Most traditional medical schools are anchored by an academic medical center. Such centers are valuable, but their patients usually have exotic diseases, not those a typical physician encounters in daily practice. Also, faculty members at medical centers are often so busy running their practices that they have little time to teach.

For those reasons, the Florida State University College of Medicine was structured much differently. It focuses on educating outstanding physicians for practice in community settings. Therefore, community-based clinical education spans the four-year curriculum. Our students don’t learn in one teaching hospital; they learn in more than 90 medical facilities in communities across the state.

During the first two years, students’ clinical education takes place in physician practices in the Tallahassee area, as well as in the medical school’s Clinical Skills and Simulation Center. In the third and fourth years, students complete their required clinical rotations at one of our regional campuses in Daytona Beach, Fort Pierce, Orlando, Pensacola and Sarasota, as well as one in Tallahassee (distinct from the main campus).

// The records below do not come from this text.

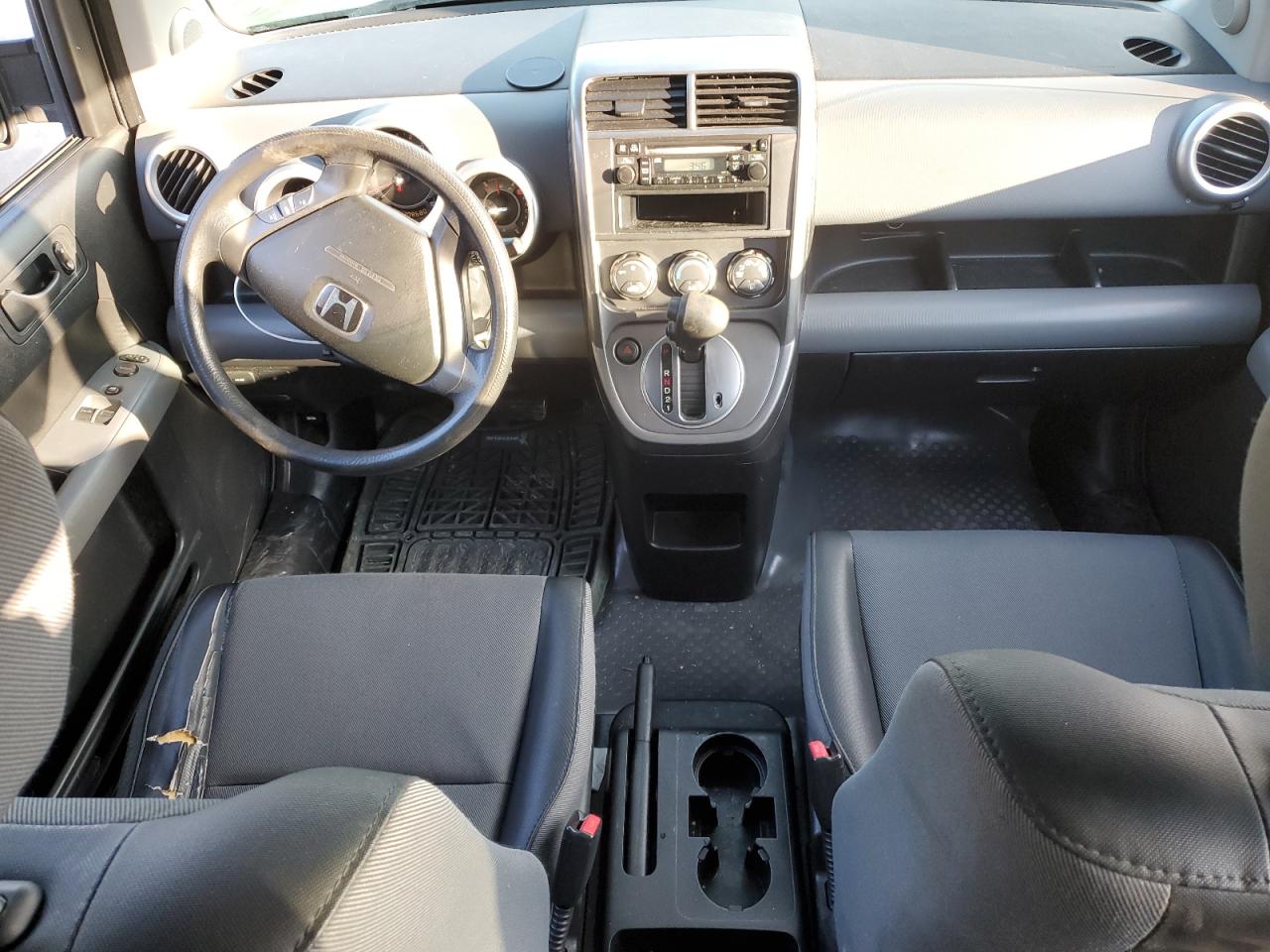 2006 Honda Element - Image 8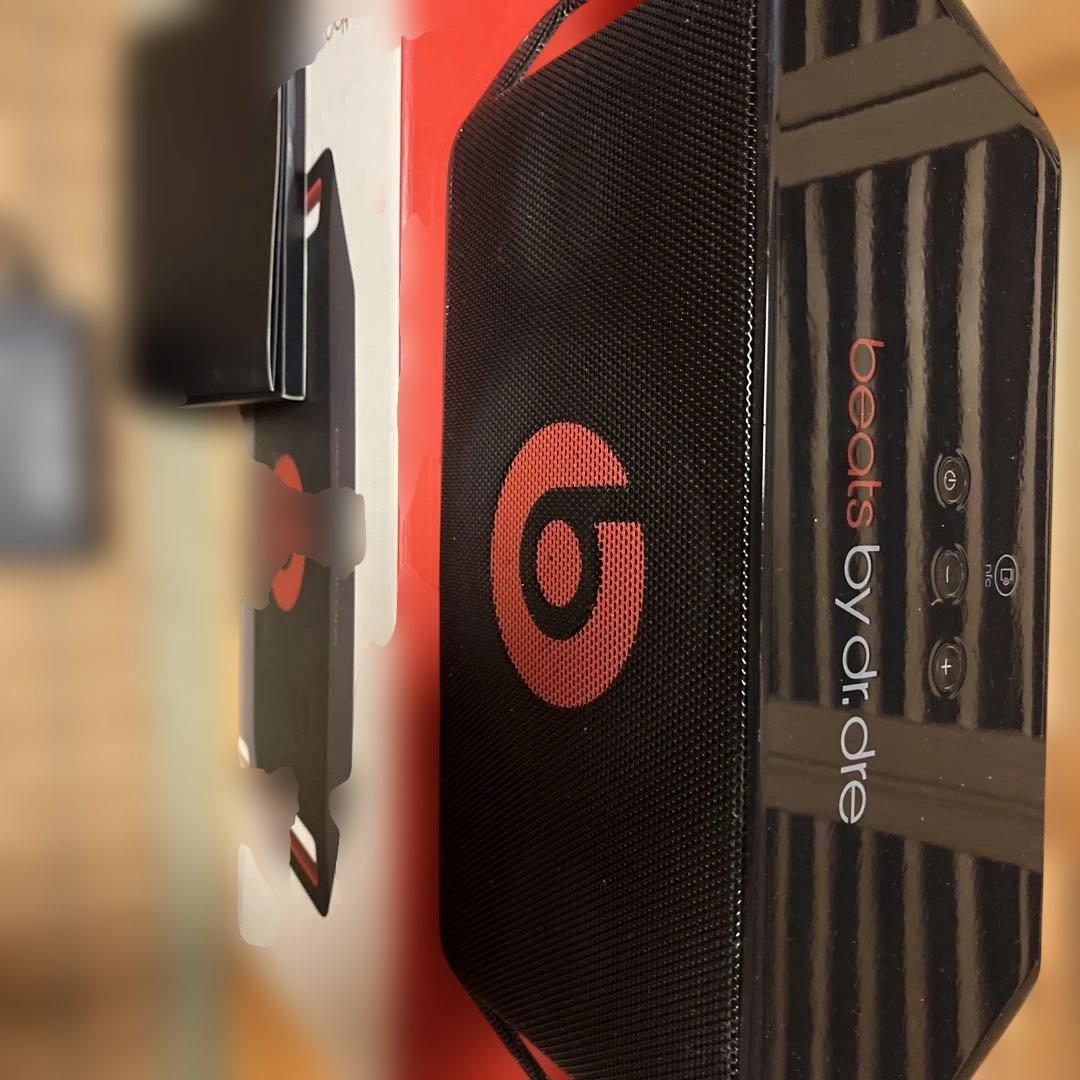 Beats boxワイヤレススピーカー 黒/赤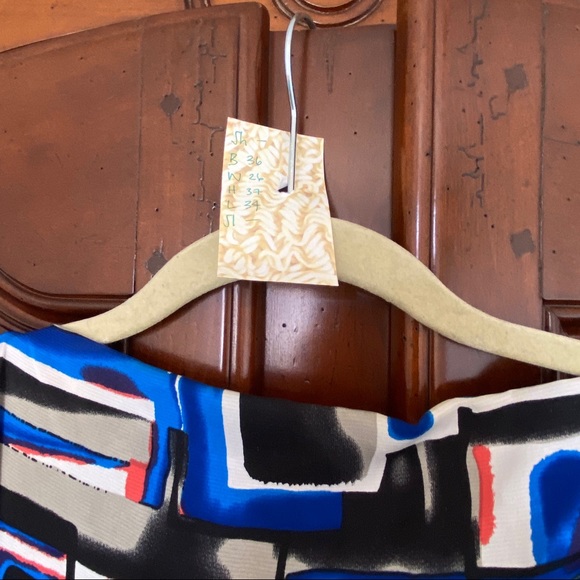 Poleci 100% Silk Geometric Mini Dress | Size 0 - Picture 9 of 9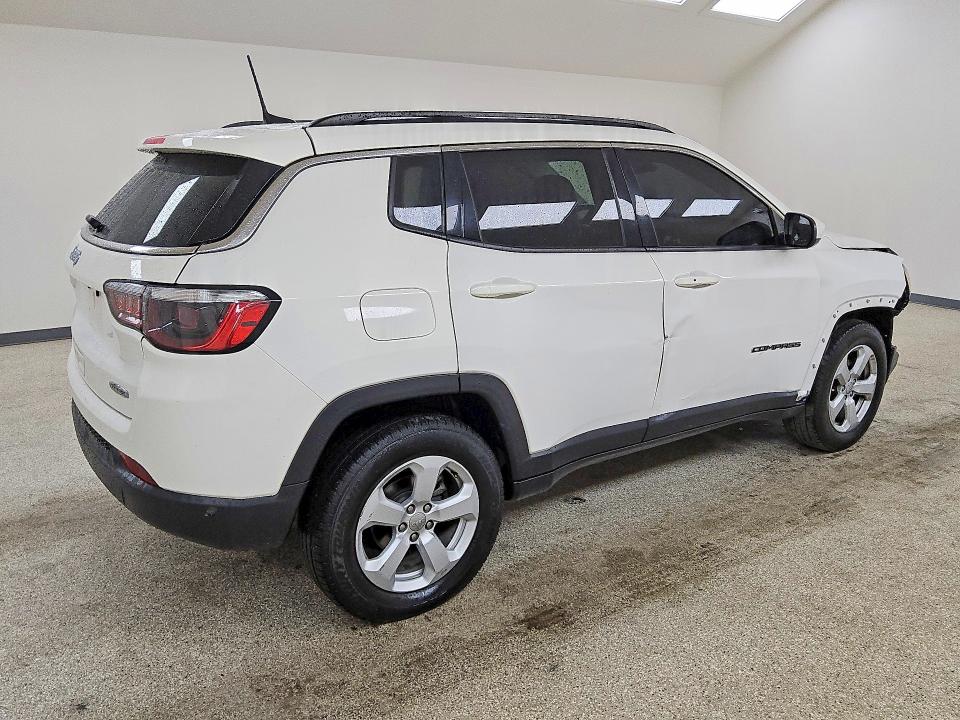 66313976 :رقم المزاد ، 3C4NJDBB9MT569995 vin ، 2021 Jeep Compass مزاد بيع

There are also rural training sites in Marianna and Immokalee. The clinical training program extends into hospitals, skilled nursing facilities, managed-care organizations, private clinics and other outpatient settings.

Throughout their four years, students benefit from a well-structured continuum of education in the biomedical, behavioral and clinical sciences. Subjects such as anatomy and pathology are presented in a clinically relevant context using medical cases, as well as the latest educational technologies. Problem-based and small-group learning experiences help students develop their clinical acumen and learn to work as a team.

The curriculum is comprehensive, preparing students for any medical specialty and setting. Course content reflects the college’s mission, with special attention given to primary care, geriatrics, cultural diversity and the needs of underserved populations. In addition, concentrated learning opportunities are offered for those students interested in rural health. All courses make use of the latest instructional technology, and medical informatics is integrated throughout the curriculum.